All 671 participants were White Europeans, of whom 347 (51.7%) were women. Age averaged (±SD) 50.4 ± 14.7 years (range, 15.1–89.5 years; 1st–99th percentile interval, 18.6–79.9 years). Among 671 participants, 263 (39.2%) had hypertension, of whom 154 (58.6%) were on antihypertensive drug treatment and 21 (3.1%) participants had diabetes. Among 154 patients on antihypertensive drug treatment, 58 (37.7%) took diuretics, 127 (82.5%) inhibitors of the renin system, 30 (19.5%) vasodilators and 56 (36.4%) were on combination therapy with more than one class of blood pressure lowering medication.

Table 1 lists the characteristics of the participants by quartiles of the PM2.5 exposure. From the low to the high quartile, age, plasma glucose and the prevalence of diabetes mellitus decreased from 52.9 to 45.0 years (p < 0.0001), from 4.98 to 4.76 mmol/l (p = 0.011) and from 5.33% to 1.80% (p = 0.044), respectively, whereas the fraction of smokers increased from 16.6% to 26.9% (p = 0.010). The other characteristics listed in Table 1 did not differ across PM2.5 quartiles.

Table 1.

Characteristics of the participants by quartiles of averaged annual PM2.5 exposure.

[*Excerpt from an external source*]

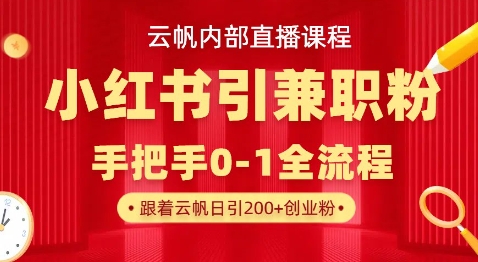 云帆内部直播课，小红书引流兼职粉教程，日引500+月变现过W-鑫梵淘轻创网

Characteristic	Low	Medium, low	Medium, high	High	p value
Number of participants (%)
All in category	169	167	168	167
Women	88 (52.1)	87 (52.1)	87 (51.8)	85 (50.9)	0.82
Smokers	28 (16.6)	34 (20.4)	44 (26.2)	45 (26.9)	0.010
Drinking alcohol ≥ 5 g/day	72 (42.6)	69 (41.3)	64 (38.1)	77 (46.1)	0.67
Hypertension	62 (36.7)	72 (43.1)	73 (43.5)	56 (33.5)	0.60
Antihypertensive treatment	38 (22.5)	42 (25.1)	42 (25.0)	32 (19.2)	0.50
Lipid-lowering treatment	24 (14.2)	26 (15.6)	26 (15.5)	16 (9.6)	0.24
Previous CVD	5 (3.0)	6 (3.6)	5 (3.0)	8 (4.8)	0.45
Diabetes mellitus	9 (5.33)	6 (3.59)	3 (1.79)	3 (1.80)	0.044
Mean ± SD of characteristic
Age, years	52.9 ± 13.9	51.9 ± 13.6	51.7 ± 15.4	45.0 ± 14.8	<0.0001
Body mass index, kg/m2	26.4 ± 4.0	26.4 ± 4.2	26.6 ± 4.0	25.7 ± 4.1	0.21
Waist/hip ratio	0.87 ± 0.08	0.88 ± 0.08	0.86 ± 0.08	0.86 ± 0.08	0.31
Office blood pressure
Systolic, mmHg	128.4 ± 16.1	129.3 ± 16.1	130.5 ± 17.8	126.1 ± 15.7	0.32
Diastolic, mmHg	78.8 ± 9.1	80.1 ± 9.2	80.3 ± 9.7	79.6 ± 9.8	0.43
Mean, mmHg	95.3 ± 10.1	96.5 ± 10.4	97.0 ± 10.7	95.1 ± 10.8	0.96
Heart rate, beats/min	59.7 ± 8.7	61.1 ± 9.6	61.0 ± 9.6	61.4 ± 8.9	0.11
Socioeconomic status	1.33 ± 0.52	1.34 ± 0.52	1.33 ± 0.52	1.33 ± 0.52	0.12
Biochemical data
Total cholesterol, mmol/l	5.23 ± 0.89	5.40 ± 1.00	5.40 ± 1.02	5.10 ± 0.96	0.26
HDL cholesterol, mmol/l	1.44 ± 0.34	1.44 ± 0.36	1.45 ± 0.38	1.44 ± 0.34	0.80
Total/HDL cholesterol ratio	3.80 ± 1.01	3.93 ± 1.02	3.93 ± 1.13	3.69 ± 1.01	0.11
Blood glucose, mmol/l	4.98 ± 0.94	4.98 ± 0.71	4.99 ± 0.66	4.76 ± 0.41	0.011
Serum creatinine, µmol/l	84.8 ± 15.9	83.9 ± 13.0	84.8 ± 13.9	84.2 ± 12.4	0.86
γ-glutamyltransferase, units/l	21 (16–32)	22 (15–35)	22 (15–31)	22 (14–30)	0.33

Quartile limits (in µg/m3) were: <12.306, 12.307–12.635, 12.636–13.438 and ≥13.439. Hypertension was a blood pressure of ≥140 mmHg systolic or ≥90 mmHg diastolic or use of antihypertensive drugs. Diabetes mellitus was a fasting plasma glucose level of ≥7.0 mmol/l or use of antidiabetic agents. Smoking was the current use of any smoking materials on a daily basis. Socioeconomic status was coded according to the UK Office of Population Censuses and Surveys[33] and simplified into a linear scale with scores ranging from 1 to 3. For γ-glutamyltransferase, values are geometric mean (interquartile range). p values are for linear trend.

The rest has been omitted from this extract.